Para responder a esta pergunta é imprescindível discutir qual o papel cumprido por elas, e porque
são necessárias. Elas constituem uma espécie de “pedágio” para os países de moeda
inconversível se inserir na globalização financeira. São elas que garantem aos proprietários dos
capitais que adentram um país a segurança de que os seus investimentos podem ser retirados e
convertidos em moeda forte a qualquer momento. Ou seja, são uma espécie de seguro para os
investidores, tão mais importante quanto mais aberta a economia e piores os seus indicadores
econômicos.
Outro ponto que deve ser entendido é que, para cumprir sua função precaucional, elas devem ter
dois atributos: o da segurança ou baixo risco e o da liquidez, ambos implicando uma baixa
rentabilidade. Não é por outra razão que os títulos do Tesouro dos EUA são seu lastro privilegiado.
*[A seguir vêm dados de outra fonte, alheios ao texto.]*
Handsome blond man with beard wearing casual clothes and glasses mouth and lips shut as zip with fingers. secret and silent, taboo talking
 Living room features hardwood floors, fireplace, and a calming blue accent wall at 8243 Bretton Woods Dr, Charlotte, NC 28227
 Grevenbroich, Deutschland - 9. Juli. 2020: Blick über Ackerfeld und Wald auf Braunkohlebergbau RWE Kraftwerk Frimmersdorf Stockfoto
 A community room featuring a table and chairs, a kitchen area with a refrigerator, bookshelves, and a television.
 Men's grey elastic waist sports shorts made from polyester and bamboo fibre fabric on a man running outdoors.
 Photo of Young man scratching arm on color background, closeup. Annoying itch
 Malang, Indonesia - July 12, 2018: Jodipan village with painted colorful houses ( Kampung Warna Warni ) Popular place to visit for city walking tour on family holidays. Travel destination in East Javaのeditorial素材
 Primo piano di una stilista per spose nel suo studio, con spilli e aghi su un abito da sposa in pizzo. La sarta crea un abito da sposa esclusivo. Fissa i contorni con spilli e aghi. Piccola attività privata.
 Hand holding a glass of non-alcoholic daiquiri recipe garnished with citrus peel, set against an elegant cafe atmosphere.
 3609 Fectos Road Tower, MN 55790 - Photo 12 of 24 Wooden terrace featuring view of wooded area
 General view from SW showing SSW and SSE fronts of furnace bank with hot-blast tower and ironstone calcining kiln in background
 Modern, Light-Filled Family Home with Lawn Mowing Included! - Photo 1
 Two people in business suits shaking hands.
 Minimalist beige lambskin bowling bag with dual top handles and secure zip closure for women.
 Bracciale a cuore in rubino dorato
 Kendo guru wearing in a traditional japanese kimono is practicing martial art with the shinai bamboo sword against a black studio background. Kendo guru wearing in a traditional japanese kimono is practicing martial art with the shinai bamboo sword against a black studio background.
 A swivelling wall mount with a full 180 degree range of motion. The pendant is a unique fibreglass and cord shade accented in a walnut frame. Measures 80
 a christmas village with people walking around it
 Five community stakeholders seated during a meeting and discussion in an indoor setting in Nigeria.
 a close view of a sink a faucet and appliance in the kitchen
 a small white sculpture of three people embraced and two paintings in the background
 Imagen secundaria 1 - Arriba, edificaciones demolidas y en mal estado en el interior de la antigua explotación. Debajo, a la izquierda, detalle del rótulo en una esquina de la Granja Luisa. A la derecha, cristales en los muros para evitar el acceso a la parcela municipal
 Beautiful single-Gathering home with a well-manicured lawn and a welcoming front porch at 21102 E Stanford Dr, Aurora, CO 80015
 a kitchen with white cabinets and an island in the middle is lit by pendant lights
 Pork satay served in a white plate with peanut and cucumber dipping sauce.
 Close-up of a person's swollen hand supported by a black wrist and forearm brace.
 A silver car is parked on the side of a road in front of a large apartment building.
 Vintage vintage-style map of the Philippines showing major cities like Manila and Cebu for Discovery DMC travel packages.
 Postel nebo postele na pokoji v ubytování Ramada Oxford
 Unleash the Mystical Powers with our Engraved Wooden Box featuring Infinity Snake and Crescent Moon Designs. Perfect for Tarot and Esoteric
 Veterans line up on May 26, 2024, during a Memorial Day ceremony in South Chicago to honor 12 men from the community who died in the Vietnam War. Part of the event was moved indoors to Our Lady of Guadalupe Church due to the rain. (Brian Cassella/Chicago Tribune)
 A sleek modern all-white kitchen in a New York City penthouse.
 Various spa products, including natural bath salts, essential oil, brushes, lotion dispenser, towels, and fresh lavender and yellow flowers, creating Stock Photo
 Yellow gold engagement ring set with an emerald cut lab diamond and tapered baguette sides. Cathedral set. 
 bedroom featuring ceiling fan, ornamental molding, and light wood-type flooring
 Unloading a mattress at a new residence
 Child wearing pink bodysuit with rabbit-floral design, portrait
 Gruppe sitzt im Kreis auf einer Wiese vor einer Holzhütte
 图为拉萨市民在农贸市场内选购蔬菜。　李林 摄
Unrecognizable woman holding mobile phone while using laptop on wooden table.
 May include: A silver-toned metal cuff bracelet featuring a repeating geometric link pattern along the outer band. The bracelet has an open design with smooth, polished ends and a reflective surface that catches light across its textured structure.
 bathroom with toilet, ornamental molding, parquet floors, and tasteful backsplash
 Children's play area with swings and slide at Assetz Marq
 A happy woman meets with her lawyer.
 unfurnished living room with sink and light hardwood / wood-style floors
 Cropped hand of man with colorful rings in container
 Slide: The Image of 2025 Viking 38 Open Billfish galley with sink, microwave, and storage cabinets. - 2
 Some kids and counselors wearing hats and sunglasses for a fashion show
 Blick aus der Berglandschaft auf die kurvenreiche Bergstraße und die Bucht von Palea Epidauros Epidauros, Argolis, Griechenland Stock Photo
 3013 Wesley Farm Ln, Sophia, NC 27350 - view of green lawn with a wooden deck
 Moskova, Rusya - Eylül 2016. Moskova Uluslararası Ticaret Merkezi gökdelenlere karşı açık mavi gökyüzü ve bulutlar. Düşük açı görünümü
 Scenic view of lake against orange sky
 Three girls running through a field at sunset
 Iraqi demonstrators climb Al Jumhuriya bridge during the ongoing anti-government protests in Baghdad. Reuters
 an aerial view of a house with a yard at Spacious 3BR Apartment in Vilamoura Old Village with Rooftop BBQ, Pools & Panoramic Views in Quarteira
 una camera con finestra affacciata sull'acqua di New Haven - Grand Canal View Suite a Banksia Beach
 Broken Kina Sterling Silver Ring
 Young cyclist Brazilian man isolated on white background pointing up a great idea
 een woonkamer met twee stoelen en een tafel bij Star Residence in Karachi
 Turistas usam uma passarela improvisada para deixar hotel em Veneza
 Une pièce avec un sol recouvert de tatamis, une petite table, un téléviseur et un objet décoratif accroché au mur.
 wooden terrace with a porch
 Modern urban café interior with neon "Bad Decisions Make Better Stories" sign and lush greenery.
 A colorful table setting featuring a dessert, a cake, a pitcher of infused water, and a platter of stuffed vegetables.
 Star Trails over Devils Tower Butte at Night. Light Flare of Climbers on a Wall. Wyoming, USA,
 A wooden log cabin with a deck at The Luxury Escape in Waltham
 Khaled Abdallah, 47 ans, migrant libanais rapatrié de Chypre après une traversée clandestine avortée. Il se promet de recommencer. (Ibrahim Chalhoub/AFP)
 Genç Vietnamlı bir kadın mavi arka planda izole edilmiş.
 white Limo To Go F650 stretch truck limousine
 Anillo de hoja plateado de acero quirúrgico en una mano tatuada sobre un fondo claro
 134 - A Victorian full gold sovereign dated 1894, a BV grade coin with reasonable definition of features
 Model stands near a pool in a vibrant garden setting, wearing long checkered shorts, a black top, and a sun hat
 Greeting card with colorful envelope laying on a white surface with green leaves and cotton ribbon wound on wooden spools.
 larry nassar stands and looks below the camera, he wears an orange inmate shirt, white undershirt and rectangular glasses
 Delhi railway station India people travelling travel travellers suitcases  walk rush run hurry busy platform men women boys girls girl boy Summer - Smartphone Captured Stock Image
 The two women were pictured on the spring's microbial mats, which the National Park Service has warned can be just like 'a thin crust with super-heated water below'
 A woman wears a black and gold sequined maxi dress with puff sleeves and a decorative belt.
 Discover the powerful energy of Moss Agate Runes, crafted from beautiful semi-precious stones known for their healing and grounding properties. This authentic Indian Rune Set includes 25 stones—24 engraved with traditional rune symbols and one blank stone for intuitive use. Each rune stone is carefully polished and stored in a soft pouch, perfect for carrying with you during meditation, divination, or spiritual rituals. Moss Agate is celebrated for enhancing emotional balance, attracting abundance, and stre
Aqui também é importante ressaltar que, normalmente, para países de moeda inconversível, as
taxas de juros pagas na dívida pública são sempre superiores àquelas das reservas.
É também uma forma de financiamento muito mais barata do que a emissão de nova dívida
doméstica, que possui custo em torno da Selic. Por fim, é uma operação neutra do ponto de vista
dos estoques de dívida – bruta e líquida –, pois implica tão somente uma mudança da composição
dos ativos do setor público: de títulos do tesouro americano para títulos domésticos, públicos ou
preferencialmente, privados.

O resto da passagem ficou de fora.